• Work to be completed
Repeat the records. Each line must match exactly.

• Supplied records
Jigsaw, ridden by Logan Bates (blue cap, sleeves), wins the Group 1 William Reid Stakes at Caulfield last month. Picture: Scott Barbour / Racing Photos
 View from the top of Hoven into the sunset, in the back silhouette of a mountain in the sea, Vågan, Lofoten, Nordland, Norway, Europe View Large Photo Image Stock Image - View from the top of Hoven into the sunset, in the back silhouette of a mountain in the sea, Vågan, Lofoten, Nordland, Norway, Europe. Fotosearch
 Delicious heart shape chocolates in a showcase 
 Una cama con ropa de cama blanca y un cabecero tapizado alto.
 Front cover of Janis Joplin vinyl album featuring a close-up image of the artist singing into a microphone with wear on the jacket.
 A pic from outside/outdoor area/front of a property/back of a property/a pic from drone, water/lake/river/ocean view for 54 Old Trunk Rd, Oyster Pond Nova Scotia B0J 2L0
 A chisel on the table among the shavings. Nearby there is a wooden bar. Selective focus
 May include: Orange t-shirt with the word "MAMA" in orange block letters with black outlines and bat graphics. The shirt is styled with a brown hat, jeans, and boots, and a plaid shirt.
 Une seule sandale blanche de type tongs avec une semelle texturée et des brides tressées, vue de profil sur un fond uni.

• Response
Jigsaw, ridden by Logan Bates (blue cap, sleeves), wins the Group 1 William Reid Stakes at Caulfield last month. Picture: Scott Barbour / Racing Photos
 View from the top of Hoven into the sunset, in the back silhouette of a mountain in the sea, Vågan, Lofoten, Nordland, Norway, Europe View Large Photo Image Stock Image - View from the top of Hoven into the sunset, in the back silhouette of a mountain in the sea, Vågan, Lofoten, Nordland, Norway, Europe. Fotosearch
 Delicious heart shape chocolates in a showcase 
 Una cama con ropa de cama blanca y un cabecero tapizado alto.
 Front cover of Janis Joplin vinyl album featuring a close-up image of the artist singing into a microphone with wear on the jacket.
 A pic from outside/outdoor area/front of a property/back of a property/a pic from drone, water/lake/river/ocean view for 54 Old Trunk Rd, Oyster Pond Nova Scotia B0J 2L0
 A chisel on the table among the shavings. Nearby there is a wooden bar. Selective focus
 May include: Orange t-shirt with the word "MAMA" in orange block letters with black outlines and bat graphics. The shirt is styled with a brown hat, jeans, and boots, and a plaid shirt.
 Une seule sandale blanche de type tongs avec une semelle texturée et des brides tressées, vue de profil sur un fond uni.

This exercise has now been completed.